Little is publicly known about Magic Leap — or, rather, publicly disclosed, thanks to a long trail of NDAs — except that its tech claims to merge the physical and digital worlds with hardware and software that surpasses existing virtual and augmented reality solutions. This week the Florida-based company reached peak hype after it announced a $542 million Series B led by Google, and including KPCB, Andreessen Horowitz, Obvious Ventures, chip maker Qualcomm, and Legendary Entertainment — valuing the startup north of $1 billion and gaining entry into the unicorn club, all without a commercial product or even a public prototype.

That’s somewhat mind boggling and leaves a ton of questions related to Magic Leap’s technology and eventual product. Co-founder and CEO Rony Abovitz has characterised the product up to now as a “lightweight wearable” but the company has not said when it will actually ship. On the latter point, Abovitz recently told TechCrunch to expect a consumer launch “relatively soon”, leaving plenty of wriggle-room for the now deep-pocketed company.

However, a recent job listings page for Magic Leap shows the company is amidst an aggressive hiring spree, with a plethora of openings in hardware and software engineering — 62 in total — along with a bunch of administration roles.

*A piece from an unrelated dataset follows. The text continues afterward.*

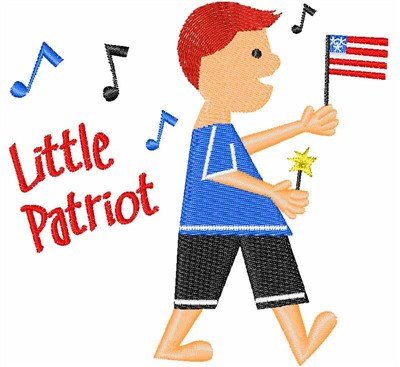 Little Patriot Machine Embroidery Design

The job descriptions also tell us a little more about the technology behind Magic Leap and, on the software side, point to developing an entire software/hardware stack, albeit one that is almost certainly based on Google’s Android Open Source Project. A large number of openings make mention of Android, including specific job titles “Android developer” and “Android core software engineering”.

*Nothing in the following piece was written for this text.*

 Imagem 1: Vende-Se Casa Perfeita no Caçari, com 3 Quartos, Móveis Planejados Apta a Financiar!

The platform also appears to rely heavily on the Unity3D gaming engine to render 3D virtual objects. In one example, the position of “Game Tool Developer” references what the company is calling “Cinematic Reality”, described as a “beautifully realistic 3D environment visible in the real world”, and requiring the development of “tooling and infrastructure which operates both inside and outside of the Unity3d Editor.”

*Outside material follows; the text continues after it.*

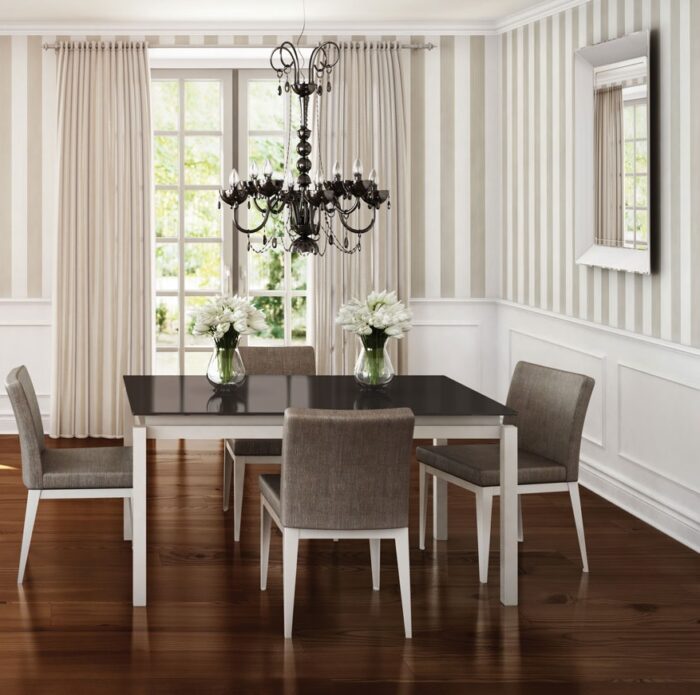 Pavia Custom Modern Dining Room Chairs - Set of 2 - Image 4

The fact that two key planks to Magic Leap appear to leverage well-known (and, in some ways, unremarkable) technologies is noteworthy, given the hype and valuation of the company. But it’s actually the startup’s “hardware engineering” and “perception/machine vision” openings that provide more insight into where the ‘magic’ in Magic Leap may come from.

Specifically there are a number of job descriptions relating to optical, lens and laser technology, including eye tracking, as well as positions in computer vision and machine learning. These appear to shed a little more light on the claims Magic Leap and some of its investors have hinted at regarding how the startup’s technology ensures virtual objects actually feel like they are sitting in the real world, which, as my colleague Darrel Etherington noted, are almost certainly projected directly onto a user’s retina to achieve this effect.

After seeing the job listings, one industry source with a background in hardware and embedded systems told me they think the device will take care of computer vision and environment modelling primarily in hardware not in software, as has been the case for previous augmented reality apps.

“The difficult part is finding out how to transform a 3D object before rendering on the screen so that it feels like it’s really there,” he noted. “In the past, people have used markers to compute that easily but it doesn’t scale on real life applications. That’s what they probably use lasers for, to scan the environment a bit like what a Kinect would but much more precise.”

Another veteran of the mobile hardware and software industry I spoke to, echoed those thoughts. He says that in a lot of ways the software side of augmented and virtual reality is already “well understood”, citing technology used in products like the Oculus Rift, the VR headset and technology company recently acquired by Facebook, and products like Amazon’s Fire Phone, for head tracking and eye tracking. Instead, it’s Magic Leap’s hardware display — based on what little publicly available information there is — that sounds “unbelievable”.

“Whatever you think about the novelty of Google Glass and stuff, that’s all really technology that’s been used for twenty+ years in heads up displays for warplane and apache helicopter pilots. What Magic Leap are claiming however seems to be something mostly new that hasn’t just trickled down from military applications,” he said.

Of course, until we get to experience the Magic Leap for ourselves, it’s wise to file this as mostly conjecture, aided by good old fashioned hype, which has no doubt been flamed to help the company with recruitment. Meanwhile, the sheer number of openings, not least in hardware which always requires a much greater lead time than software alone, point to a public unveiling — specifically, a full commercial launch — as a long way off yet.

As one industry expert observed, “the job listings suggest they are mostly looking for people who can help them produce reliably high yields of the parts they need, as these roles talk a lot about manufacturing quality management tools. So I might suggest they think they have a working prototype, but they are not anywhere near able to mass produce it in a repeatable way, before they can even think about taking it to a factory for real production.”

But, with over half a billion dollars in the bank, investors clearly feel that it is a leap of faith worth taking.